Mandi is a stew with rice cooked over a long period of time. Traditionally the rice, spices and water are simmered in special clay ovens that are built into the ground called Taboon. Hot coals are placed on top and steam isn’t allowed to escape until the meat has fully cooked. The word ‘Mandi’ is a derivative of the Arabic word ‘Nada’ which means dew and it represents the dewy or moist nature of the cooked meat. Unless you plan to dig a hole in your backyard, the best option to recreate mandi would be to use a pressure cooker. Mathbi, on the other hand, used to be prepared by placing seasoned meat on flat stones that have been heated on burning embers. Today’s easy version is a charcoal grill. The last method Madfoon also means ‘buried’ in Arabic; it involves creating a hole in the ground with a fiery pit, placing your foil wrapped lamb over the blazing fire and covering it up with hot coals until it’s cooked. The end result is a succulent, rich and flavorful fall-off-the-bone lamb. Of course I would recommend braising the lamb in a French Creuset pot on a low fire inside the stove for similar effects.
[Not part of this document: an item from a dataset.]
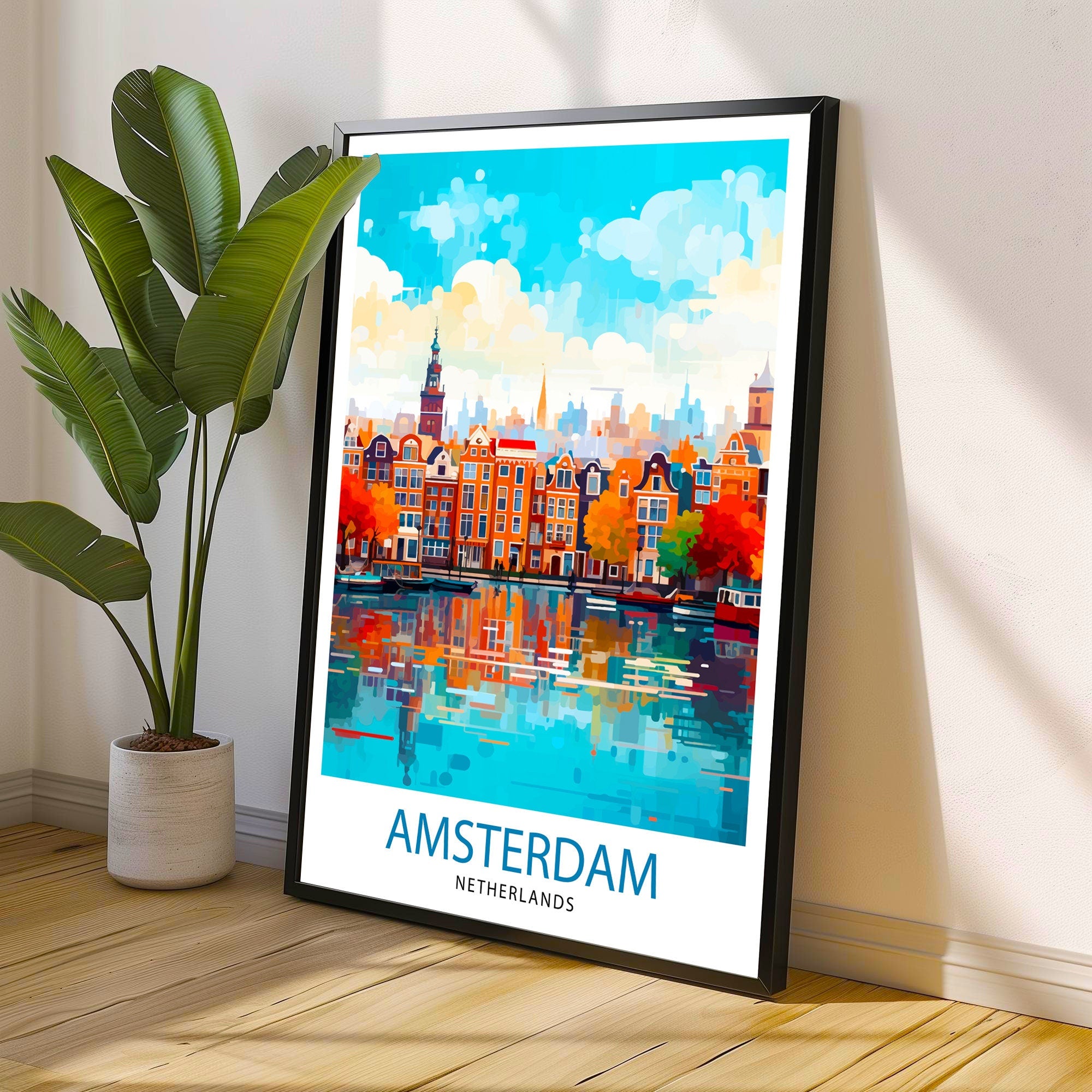 Amsterdam Netherlands Travel Print Wall Decor Wall Art Amsterdam Wall Hanging Home Décor Amsterdam Gift Art Lovers Netherlands Art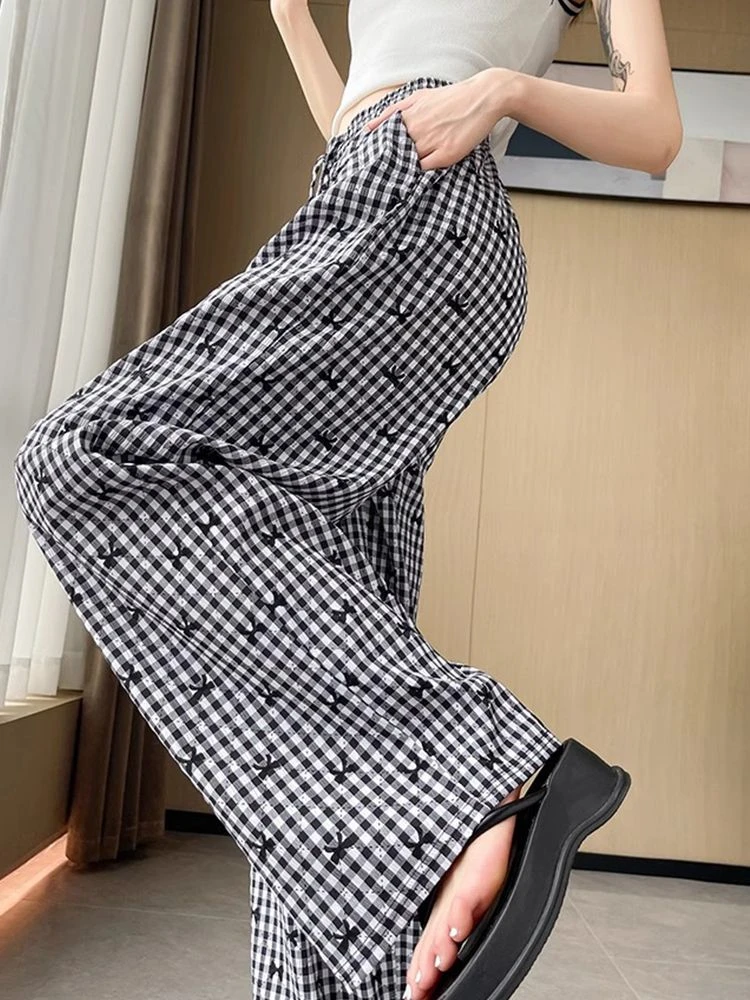 

Ice Silk Checkered Bow Wide Leg Pants Women's Summer Thin Loose Look Thin Large Size Small Straight Leg Casual Pants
So what’s for dessert? Omani Halwa is usually enjoyed during wedding feasts and Eid celebrations instead of right after dinner. It is a gesture of hospitality along with Arabic coffee or ‘qahwa’ when greeting guests, regardless of class or social distinction. When we landed in Salalah airport, waiting for us, where we filled out our landing cards, was a big white plastic bowl of Omani date Halwa covered in Saran wrap, served with plastic spoons and a huge pot of Arabic coffee. The halwa is either yellow in color because it’s made with dried fruits and saffron or dark brown in color because of the dates. The sugar is then added with the oil, water, coconut, brown sugar, saffron, rose water from Jebel Akhdar and cashew powder; the ingredients are left to boil with flour and continuously stirred over a medium flame for two hours until the color changes. Halwa making is a tradition that’s passed down through the generations and every family holds their recipe dear to their heart, freshly prepared halwa is always carried near and far to loved ones. I must admit though it’s definitely more pleasing to the taste than it is to the eye because of its dark gelatinous appearance and unless you’ve had it before, your initial reaction would be to pass up on the experience but you’ll be missing out for sure!